*** INPUT RECORDS Section Begins ***

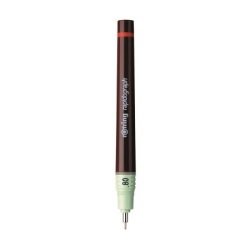 Rotring rapidograf 0.80 ( R1903474 )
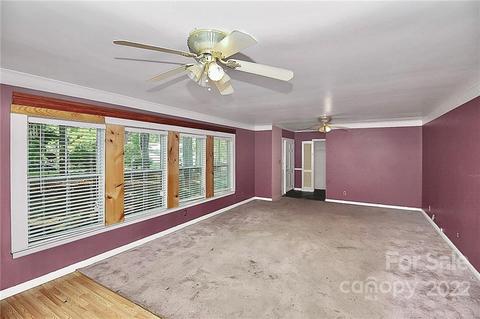 410 Robin Dr, Monroe, NC 28112 photo 18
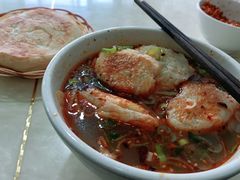 -洛阳东关牛肉汤(总店)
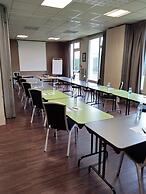 Kyriad - Rennes Chantepie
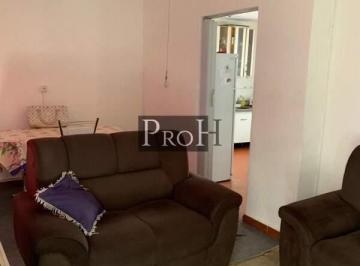 Casa · 301m² · 3 Quartos · 1 Vaga · Casa em Osvaldo Cruz, São Caetano do Sul/SP de 301m² 3 quartos à venda por R$ 850.000,00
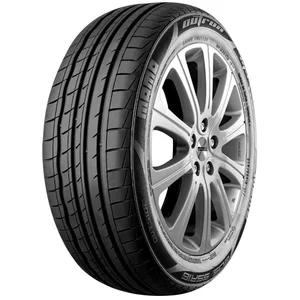 Momo M-30 w-s 225/45 R18 91Y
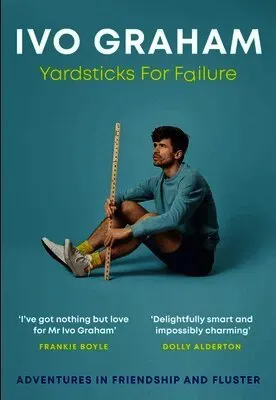 Yardsticks For Failure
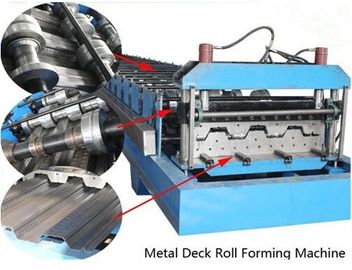 PLC steuern die Blech-Rolle, die m der Maschinen 8 - 12/minimale Produktionskapazität bildet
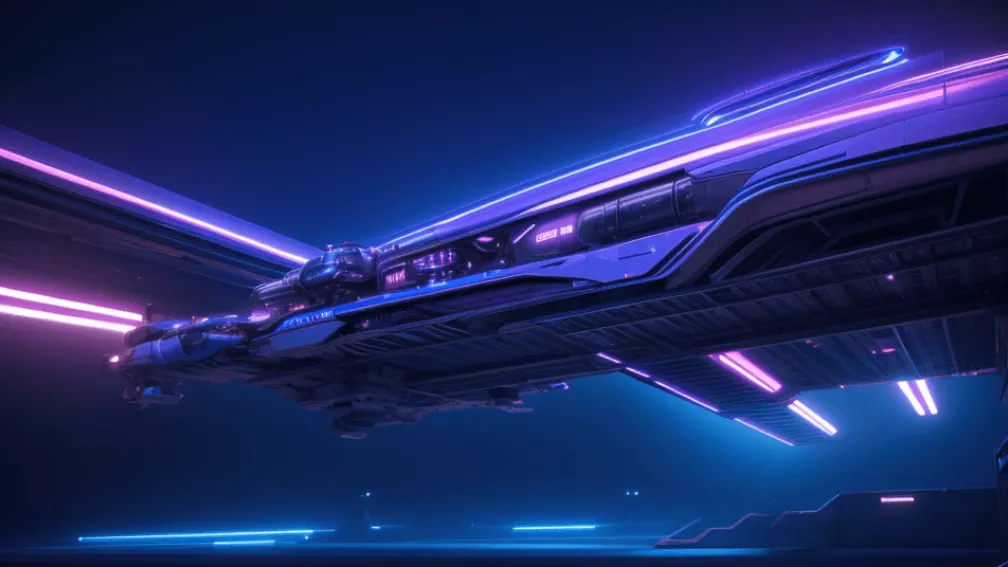 Europa-Park lansează o nouă zonă tematică "Spațiu" și un rollercoaster de înaltă tehnologie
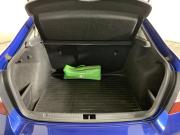 Skoda Rapid I Рестайлинг Москва  - изображение 38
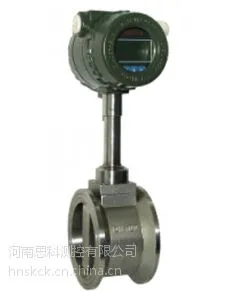 开封涡街计流量计,涡街流量计特点,安装要求,河南思科测控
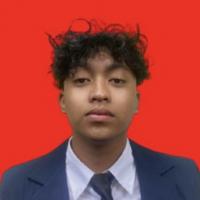 Muhammad Habibie Febriansyah Firdaus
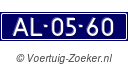 AL0560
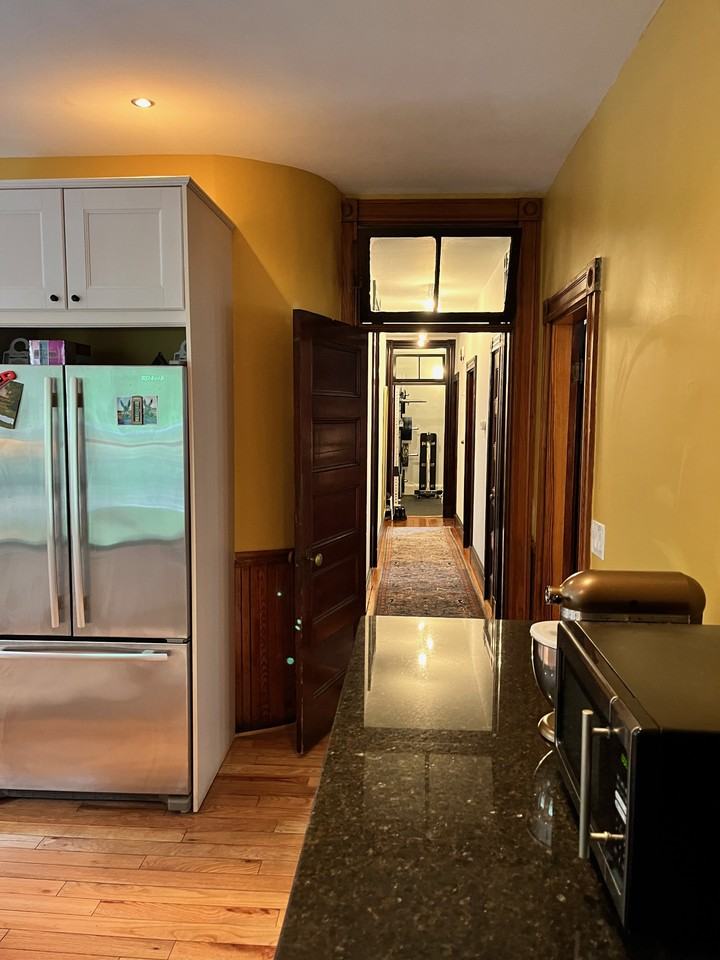 119 Antrim St #1 - Photo 6 of 34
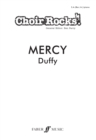 Image for Choir Rocks! Mercy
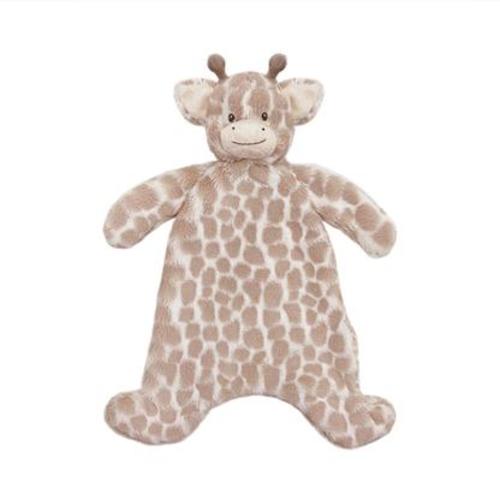 Gentry Giraffe Lovey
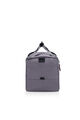 COREY DUFFLE BAG 02 R  hi-res | American Tourister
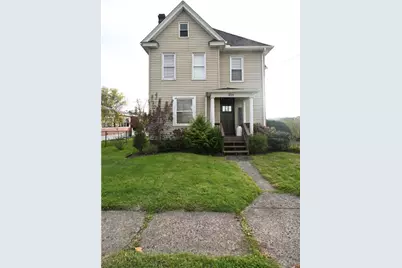 208 Independence Street, Perryopolis, PA 15473 - Photo 1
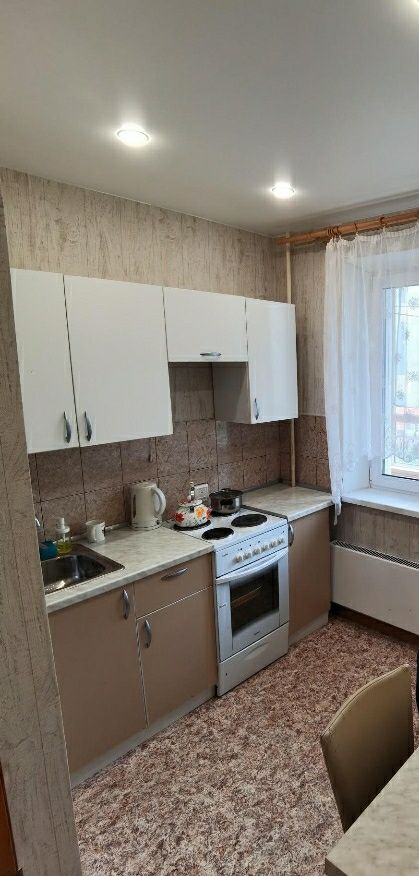 Сдам квартиру рн Зиг Заг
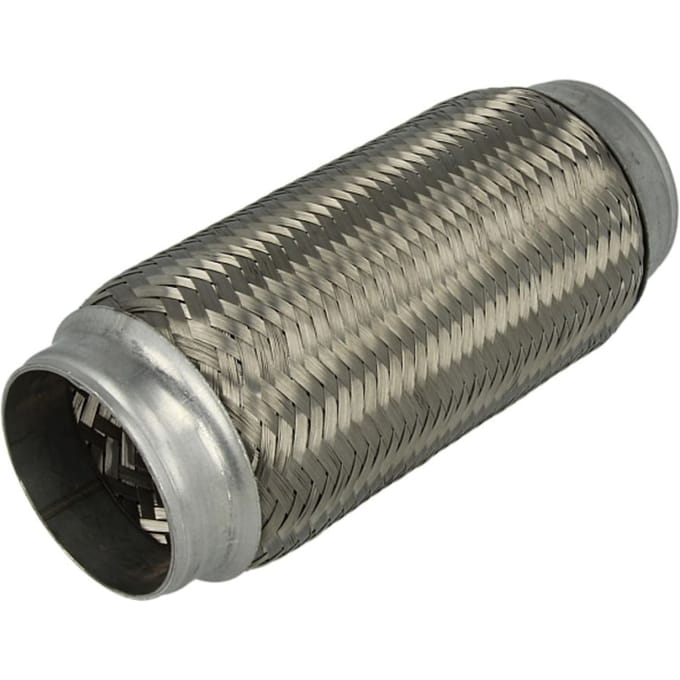 Flexpijp, uitlaatsysteem 4MAX 0219-04-0024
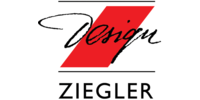 Logo der Firma Ziegler Friedrich GmbH aus Offenberg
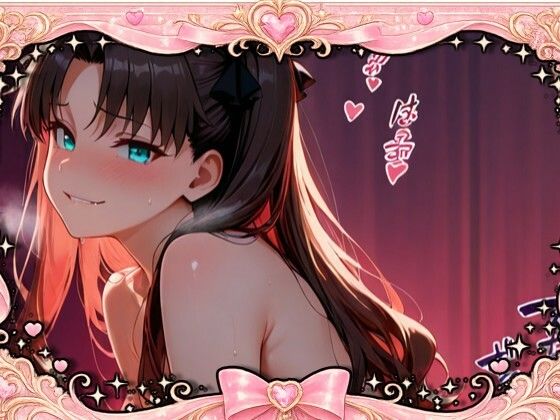 リ〇とラブホで1泊デート - サンプル画像 2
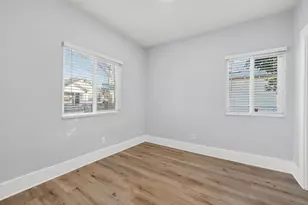 3124 San Jose Way, Sacramento, CA 95817 - Photo 6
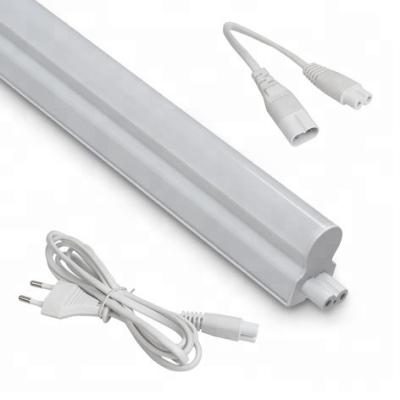 China IP20 Desktop PC Strip LED Batten Light With / Without Switch 0.3m/0.6m/0.8m/1.2m/1.5m LG05B for sale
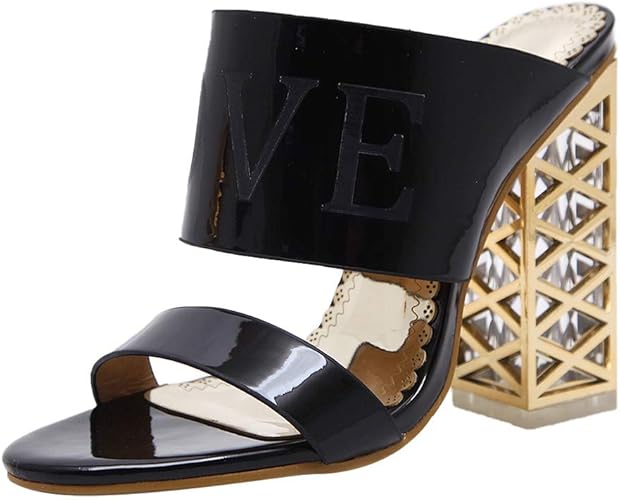 girls wide width sandals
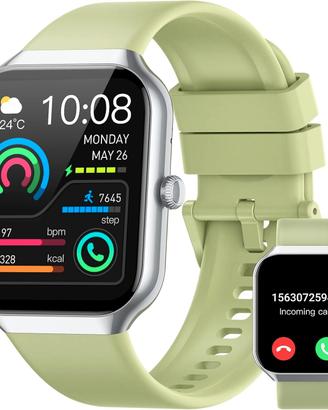 smartwatch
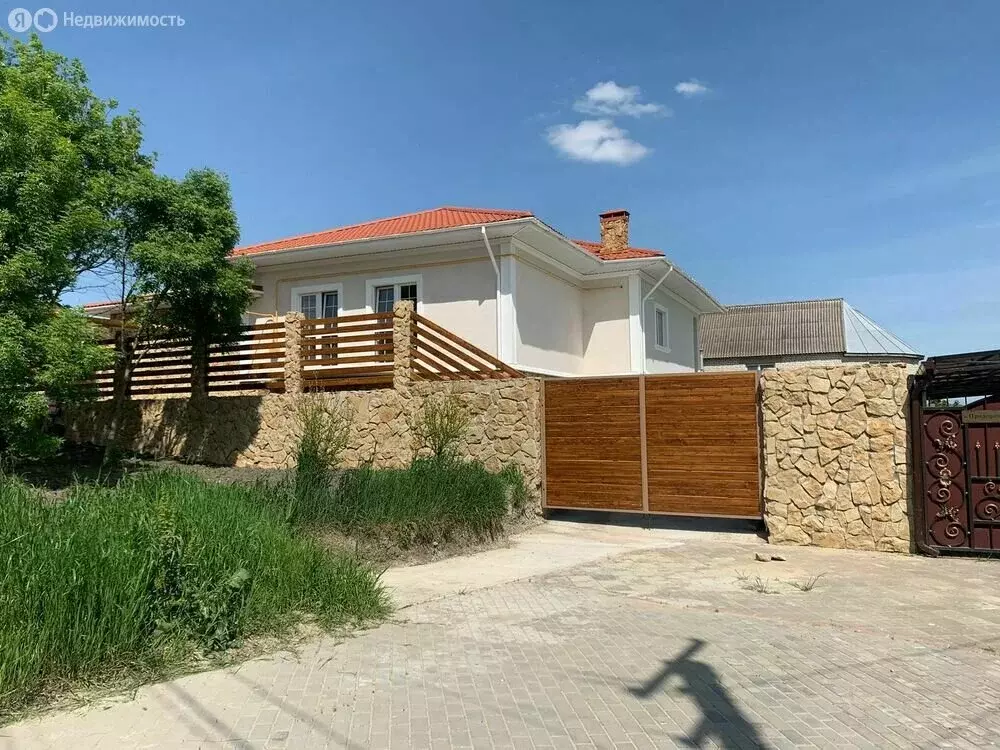 Дом в Можга, Северная улица (244 м) - Фото 0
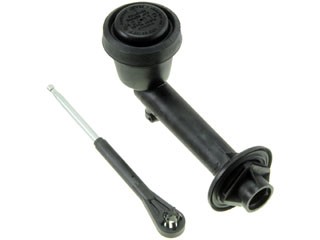 Dorman - First Stop Clutch Master Cylinder P/N:CM350105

*** INPUT RECORDS Section Ends ***

Only one stretch of the entries above is needed: the lines from the one containing "119 Antrim St #1 - Photo 6 of 34" through the one containing "リ〇とラブホで1泊デート - サンプル画像 2". Copy it exactly, without the pictures.

→ TASK OUTPUT:
 119 Antrim St #1 - Photo 6 of 34
 Image for Choir Rocks! Mercy
 Gentry Giraffe Lovey
 COREY DUFFLE BAG 02 R  hi-res | American Tourister
 208 Independence Street, Perryopolis, PA 15473 - Photo 1
 Сдам квартиру рн Зиг Заг
 Flexpijp, uitlaatsysteem 4MAX 0219-04-0024
 Logo der Firma Ziegler Friedrich GmbH aus Offenberg
 リ〇とラブホで1泊デート - サンプル画像 2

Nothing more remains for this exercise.